For STRACE I would choose to:
 * Detach all the threads from TCBTAB before the leader one.
As if the task is already running we cannot safely stop-and-wait it as we cannot
find a difference between still-running and already-zombie task as both return
ESRCH.  Reading /proc/PID/status if it is zombie also means a race.


This Bug is a followup on Roland's mail text:
On Wed, 11 Jul 2007 10:40:48 +0200, Roland McGrath wrote:
[snip]
I am still
concerned about other cases where there are more threads.  I think that the
synchronous wait in detach will bite again on the leader because the other
threads still exist.  They should be killed by the group exit, but they
will still stick around as zombies until we see them with wait because they
are ptraced.  I think that is enough to prevent the zombie leader from
being reported to wait.  So it would be good to investigate some more
cases.  If I'm right about that case, then I think the right solution is
simply to punt the detach call on the leader in handle_group_exit.  It
should be seen shortly along with all the other threads.  But I may be
overlooking something, some reason that detach was there other than ancient
kernels.
[snip]

Comment 1 Jan Kratochvil 2007-07-11 22:22:33 UTC
Created attachment 159013 [details]
Testcase (`leaderkill2.c').

Comment 2 Roland McGrath 2007-07-24 02:15:36 UTC
Created attachment 159827 [details]
patch does not work

Please follow up on the mailing list about this.
I tried the obvious patch and it did not make a happy strace for this test.

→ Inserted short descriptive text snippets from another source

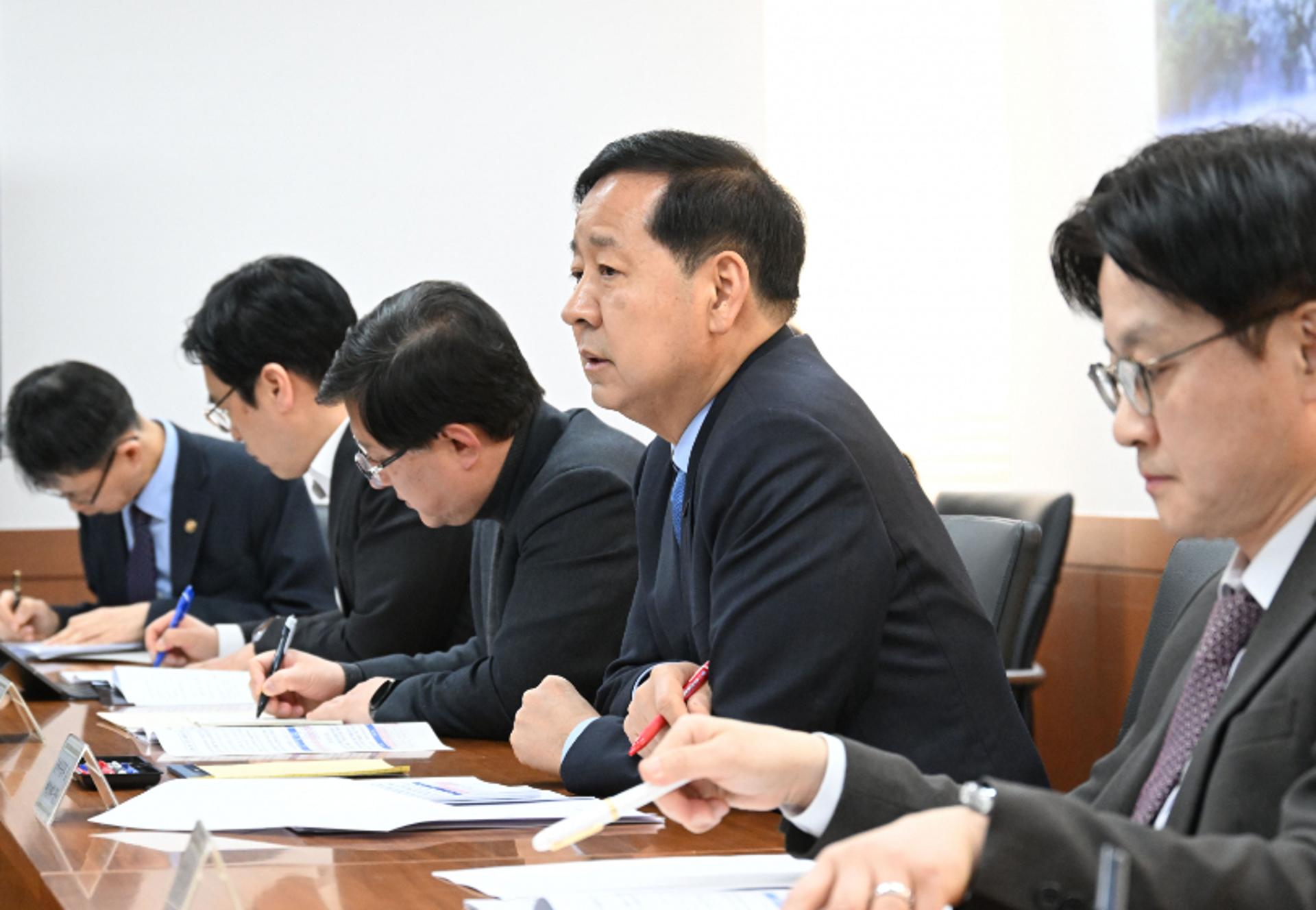 구윤철 부총리 "고유가 장기화 대비, 적극적인 물가 관리 대책 마련"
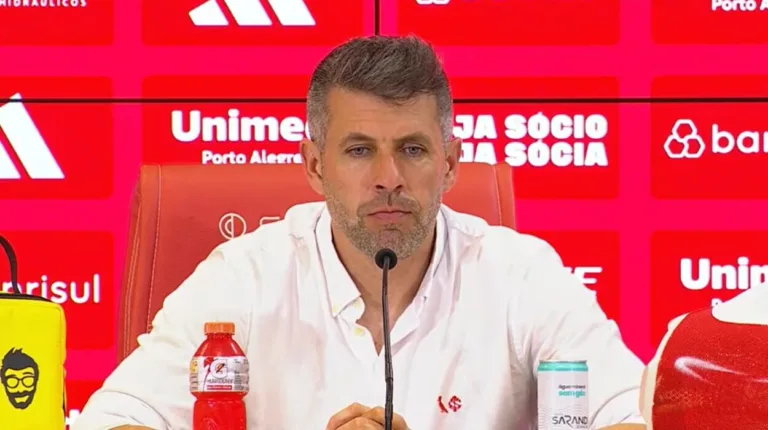 Paulo Pezzolano, técnico de outro clube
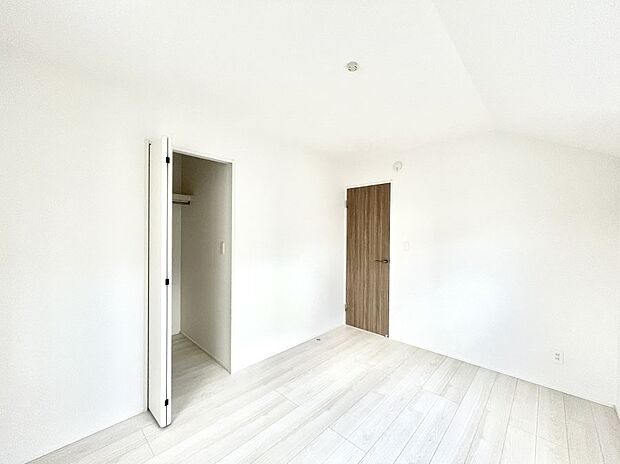 子供部屋にもおすすめな収納スペースたっぷりの居室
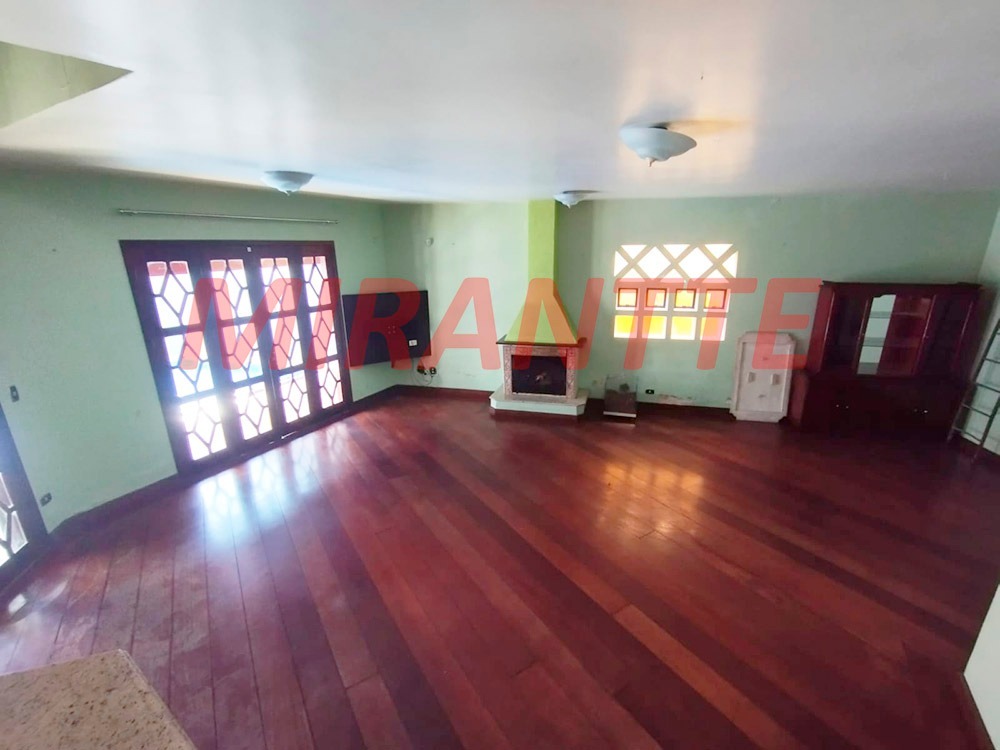 Sobrado de 300m² com 3 quartos em Jardim Virginia Bianca
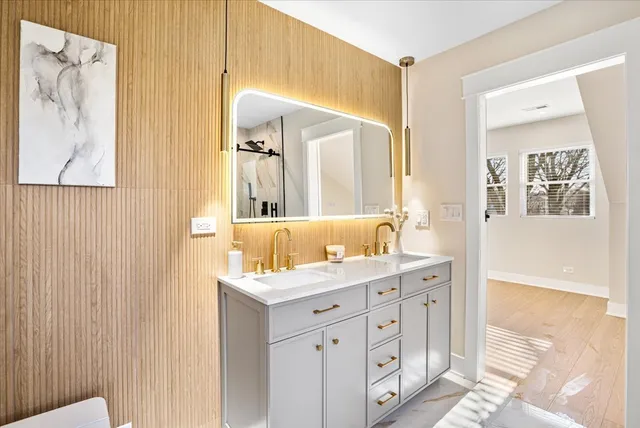 $949,900 | 5700 West Grace Street, Chicago, IL 60634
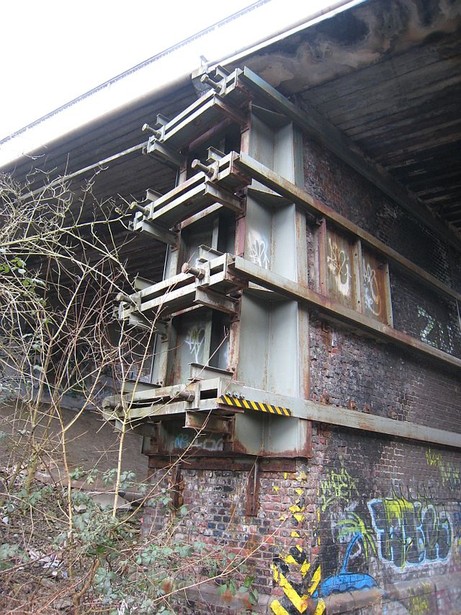 südlicher Pfeiler von Nordwesten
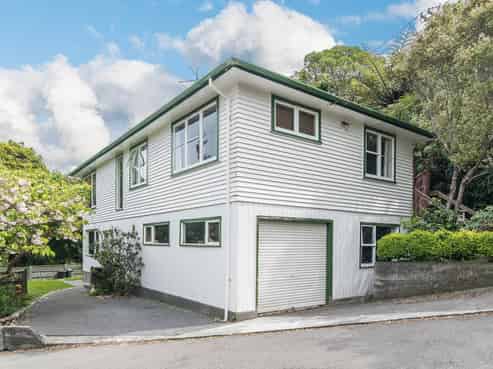 9 Highbury Road, Highbury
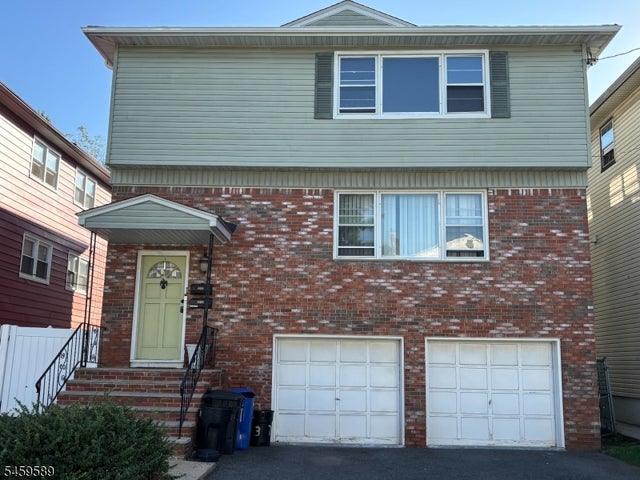 37 Young Ave 2nd Fl 2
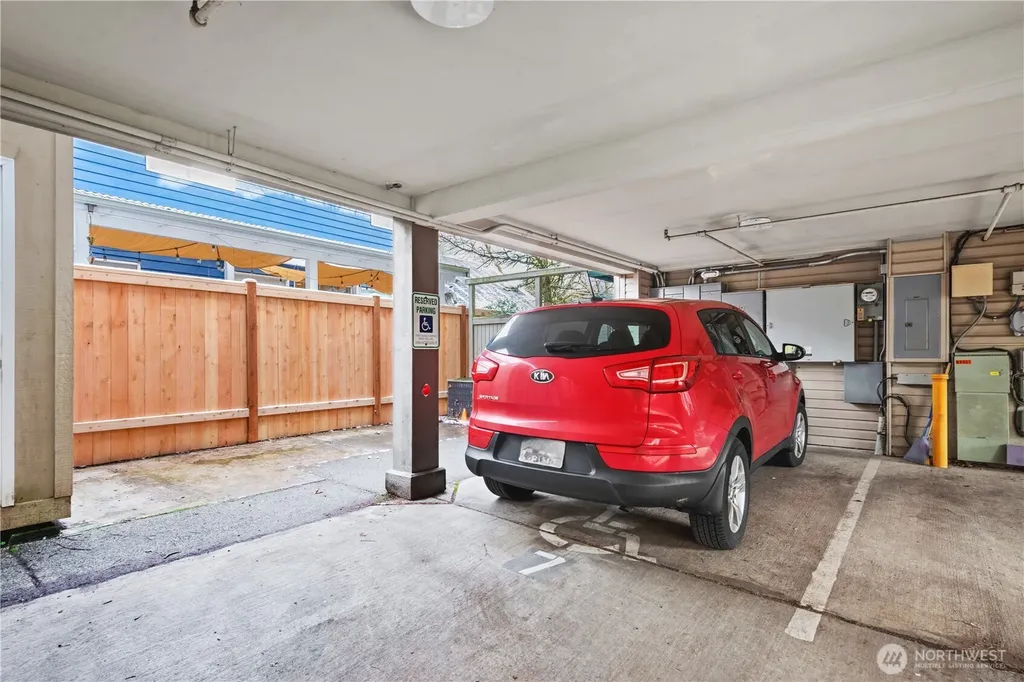 9517 35th Avenue NE Seattle WA 98115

Comment 3 Jan Kratochvil 2007-08-02 08:50:05 UTC
Created attachment 160505 [details]
patch does work

Compared to the Attachment 159827 [details] there is missing the last part
-				leader->flags |= TCB_GROUP_EXITING;
but I do not see much reasons to do it there, I expect you did just a cleanup
of the code.

Comment 4 Roland McGrath 2007-08-03 10:05:16 UTC
committed upstream

Comment 5 Jan Kratochvil 2007-08-03 12:03:37 UTC
Fixed in Rawhide strace-4.5.16-1.fc8:
* Fri Aug  3 2007 Roland McGrath <roland> - 4.5.16-1
- fix multithread issues ([...], #247907)

and upstream:

2007-08-02  Jan Kratochvil  <jan.kratochvil>

        * strace.c (detach): Moved the resume notification code to ...
        (resume_from_tcp): ... a new function here.
        (handle_group_exit): No longer detach also the thread group leader.
        (trace): Fixed panic on exit of the TCB_GROUP_EXITING leader itself.
        Fixes RH#247907.

        * test/leaderkill.c (start): Renamed to ...
        (start0): ... here.
        (start1): New function.
        (main): Created a new spare thread.


Comment 6 Fedora Update System 2007-08-06 17:59:14 UTC
strace-4.5.16-1.fc7 has been pushed to the Fedora 7 stable repository.  If problems still persist, please make note of it in this bug report.